You know what happened. The Republican party campaigned on traditional roles, safer streets, two-parent families, welfare queens, war on drugs, gay culture, school prayer, the communist threat...and most important, resentment. Women should resent the feminists. Women should resent women who are different: single parent, the boss, childless by choice, black or brown, educated or ambitious. The Republican party welcomed the Christian Nationalists and began to chip away at women's freedoms. First by convincing women that their way of life was threatened. Second by convincing women that the freedoms other women enjoyed were sinful. Petty jealousies were no longer an issue at women's bridge clubs or church conferences. Women now felt entitled to hate other women...for no other reason than those other women did not approve of the Republican agenda.

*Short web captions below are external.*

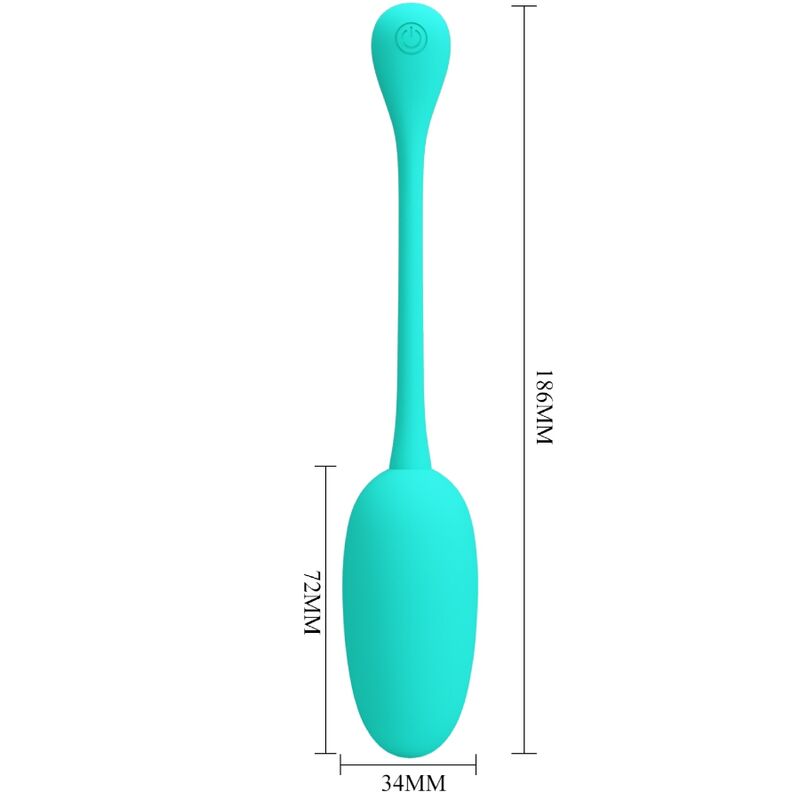PRETTY LOVE - WIEDERAUFLADBARES VIBRATIONSEI KNUCKER WASSERGRÜN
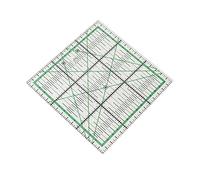 Jeanoko Règle de Quilting en Acrylique Transparent, échelle Durable et Précise pour le Quilting, L'artisanat de Bricolage, 5,9 X 5,9 Pouces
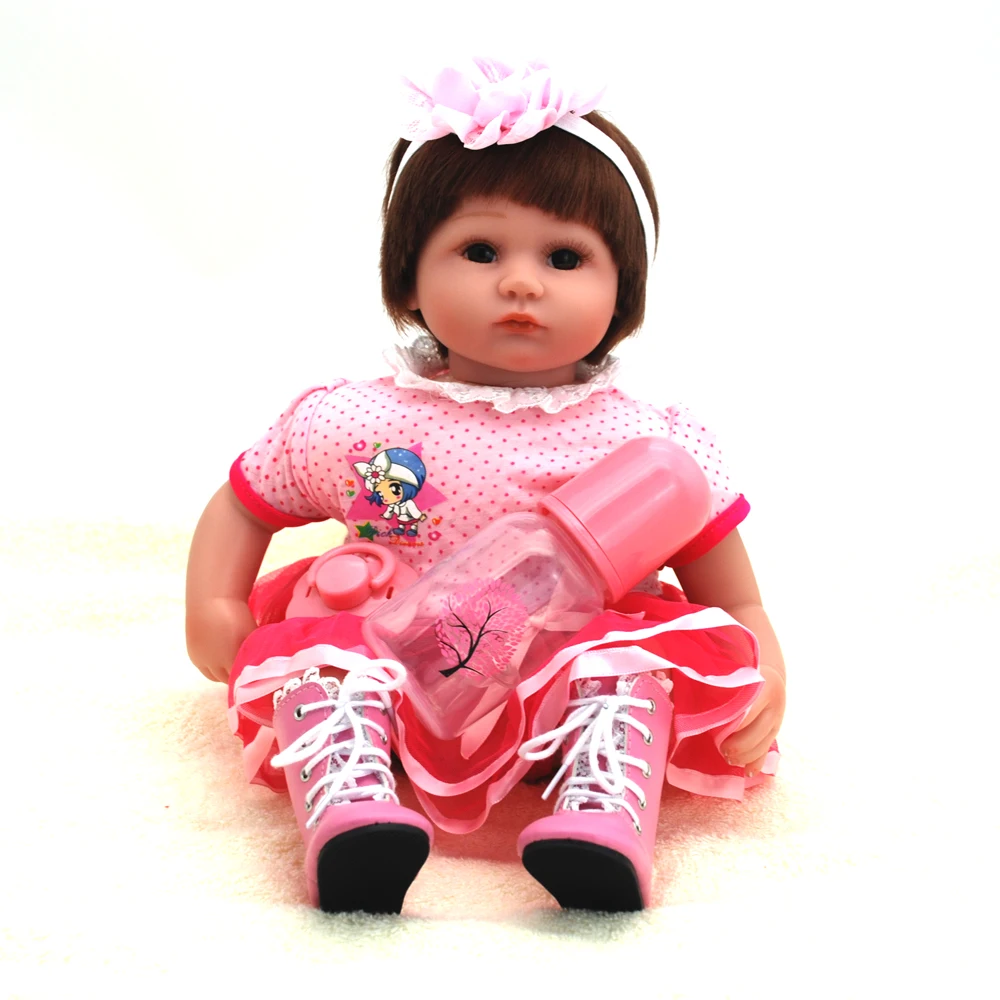 Nicoseewonder 16 дюймов bonecas Bebe Reborn Baby Куклы реалистичные хлопок Средства ухода за кожей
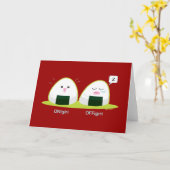 Nigiri Kaart (Gele Bloem)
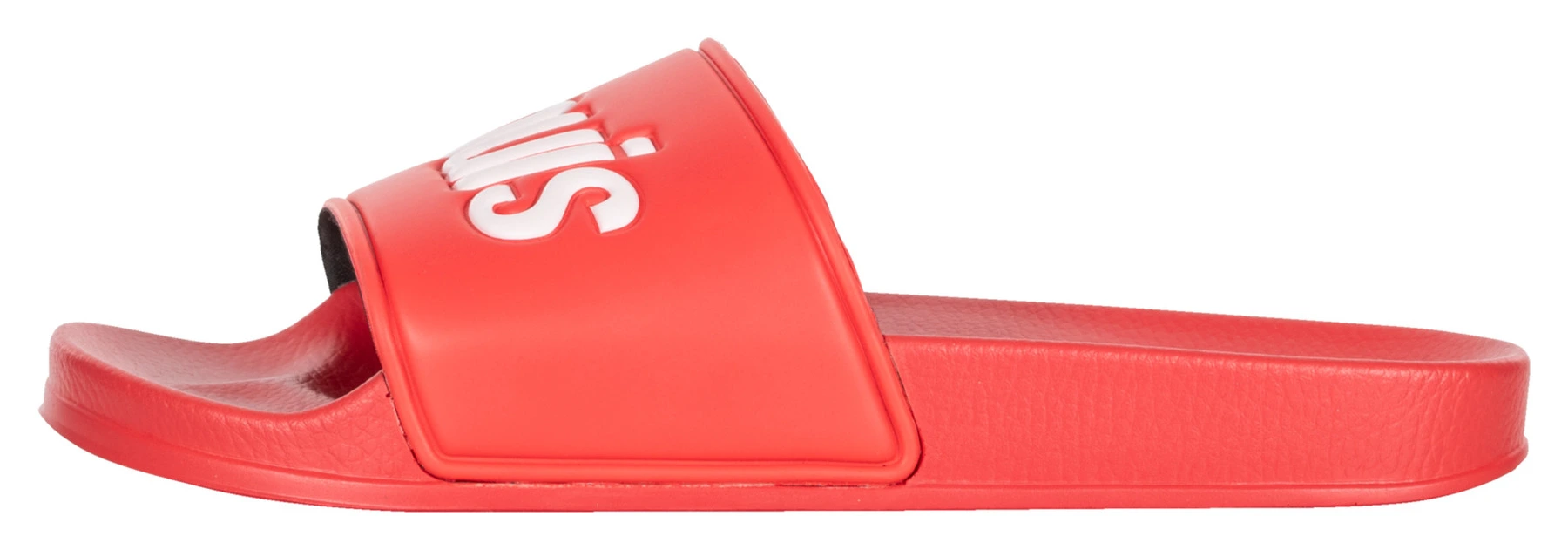 Red supreme flip flops store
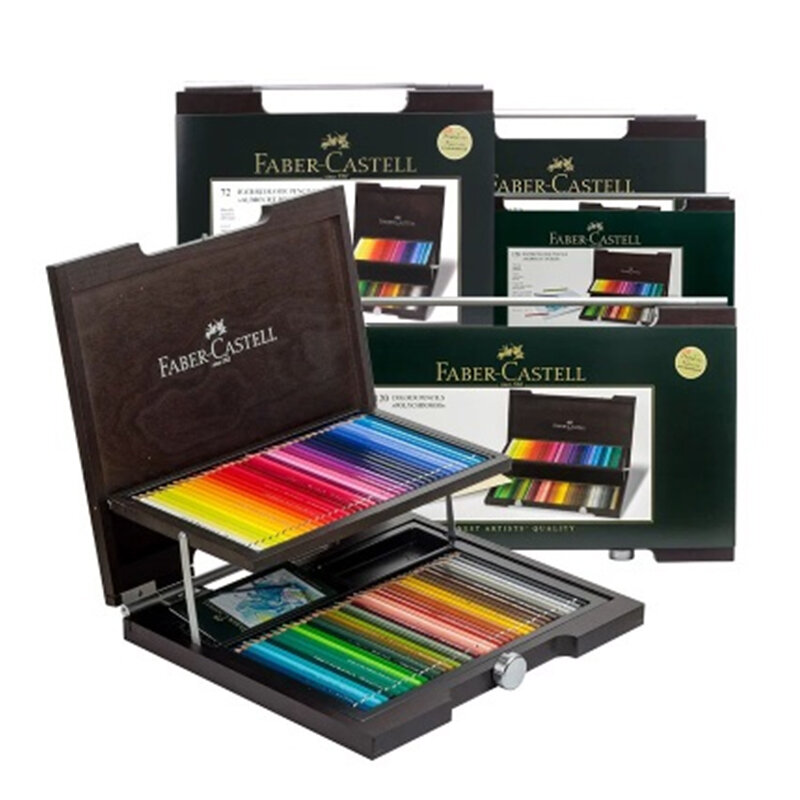 Faber castel-lápis de cor aquarela profissional, albreberta, lápis de cor aquarela solúvel em água, 12/24/36/48/60/1175 cores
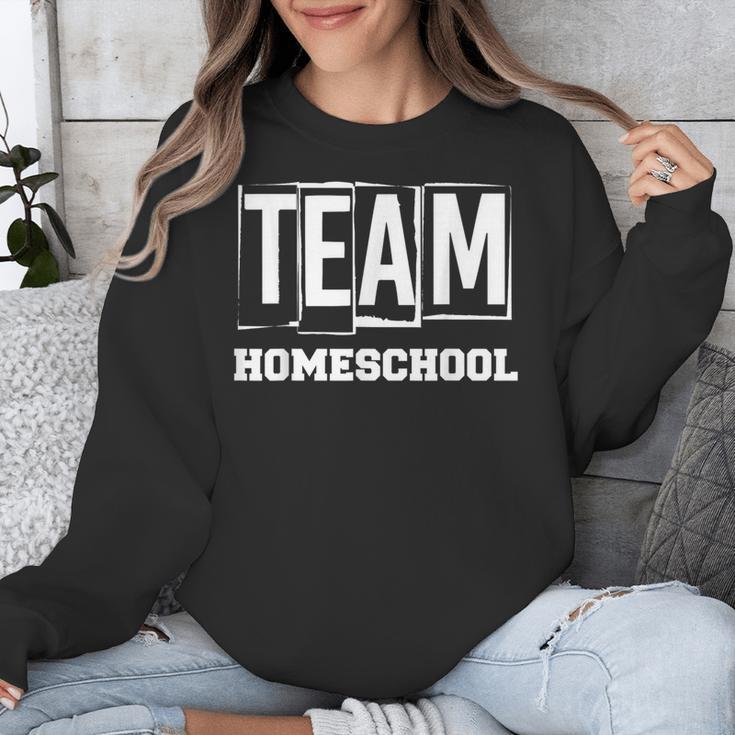 Team Homeschool Homeschooler Homeschooling Teacher Mom Kids Unisex Sweatshirt, funny design Team Homeschool Homeschooler Homeschooling Teacher Mom Kids Unisex Sweatshirt, funny design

Half of all women in the USA were now on the side of white male supremacy -- even though no one in the 1980s framed their allegiances that way. Had women supported a vulnerable group, gay men, and used their votes to defy a Republican party's unjust first reponse to the HIV crisis -- the conservative party's push to the far right would have met a strong Wall of Resistance. Had women who witnessed the rise in power of white supremacists and Christian leaders in the Republican party used their voices and their own powers to defy it...What is my point? They did not. Few women, Democrat or Republican or Independent or nonpartisan, dared to be the target of religious hatred and Republican political muckraking. Perhaps women said, "This too shall pass." As we often do say. But it did not pass. And here we are in 2024.
Instead, half of our nation's women abetted the rise of Christian Nationalism, a movement that means to end our liberal democratic republic, end public education or at least diminish its impact, empower the oligarchs and white male supremacy, harm immigrants and refugees, harm people who are LGBTQ, criminalize women who seek safe abortions, promote women's traditional roles as homemakers over other ambitions, ...the list is heartbreaking to make.
If any of this resembles the era in Europe prior to the National Socialist Party's rise to power in Germany, I would not be surprised. History tends to repeat itself.
Part 2 will be a look at solutions. I am nobody. But at 71 years of age, I do have at least one ambition left over: write to learn and write to share.